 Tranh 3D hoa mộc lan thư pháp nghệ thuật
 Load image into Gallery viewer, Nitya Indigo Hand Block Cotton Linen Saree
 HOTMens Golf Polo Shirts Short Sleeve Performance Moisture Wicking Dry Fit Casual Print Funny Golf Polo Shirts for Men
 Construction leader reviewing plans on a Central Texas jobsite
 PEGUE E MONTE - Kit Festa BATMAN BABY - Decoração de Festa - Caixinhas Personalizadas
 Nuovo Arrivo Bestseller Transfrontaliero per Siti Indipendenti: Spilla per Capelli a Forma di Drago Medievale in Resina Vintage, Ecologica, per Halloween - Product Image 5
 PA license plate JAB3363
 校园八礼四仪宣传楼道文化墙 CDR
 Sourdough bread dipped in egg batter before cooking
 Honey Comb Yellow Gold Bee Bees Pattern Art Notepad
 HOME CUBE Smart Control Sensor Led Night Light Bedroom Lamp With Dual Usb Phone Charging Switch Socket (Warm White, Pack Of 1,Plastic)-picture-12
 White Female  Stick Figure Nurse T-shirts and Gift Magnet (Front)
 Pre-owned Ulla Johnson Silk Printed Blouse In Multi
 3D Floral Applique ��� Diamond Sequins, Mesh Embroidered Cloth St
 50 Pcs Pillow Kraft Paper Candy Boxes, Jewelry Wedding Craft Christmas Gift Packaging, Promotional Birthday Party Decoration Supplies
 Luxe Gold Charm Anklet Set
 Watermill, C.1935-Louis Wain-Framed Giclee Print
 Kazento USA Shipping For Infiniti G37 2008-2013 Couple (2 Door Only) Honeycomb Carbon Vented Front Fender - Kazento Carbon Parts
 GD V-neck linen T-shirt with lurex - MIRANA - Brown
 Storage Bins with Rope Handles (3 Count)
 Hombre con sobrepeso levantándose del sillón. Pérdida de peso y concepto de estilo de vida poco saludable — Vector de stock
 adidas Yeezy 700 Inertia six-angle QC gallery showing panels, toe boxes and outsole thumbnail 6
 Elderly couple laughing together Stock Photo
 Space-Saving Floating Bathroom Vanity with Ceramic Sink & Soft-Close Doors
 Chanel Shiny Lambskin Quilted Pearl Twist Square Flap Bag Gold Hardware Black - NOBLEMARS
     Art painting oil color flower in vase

Your goal
The first line of the records and every line down to the line with "PEGUE E MONTE" must be quoted exactly; leave out all else.

Answer space
 Tranh 3D hoa mộc lan thư pháp nghệ thuật
 Load image into Gallery viewer, Nitya Indigo Hand Block Cotton Linen Saree
 HOTMens Golf Polo Shirts Short Sleeve Performance Moisture Wicking Dry Fit Casual Print Funny Golf Polo Shirts for Men
 Construction leader reviewing plans on a Central Texas jobsite
 PEGUE E MONTE - Kit Festa BATMAN BABY - Decoração de Festa - Caixinhas Personalizadas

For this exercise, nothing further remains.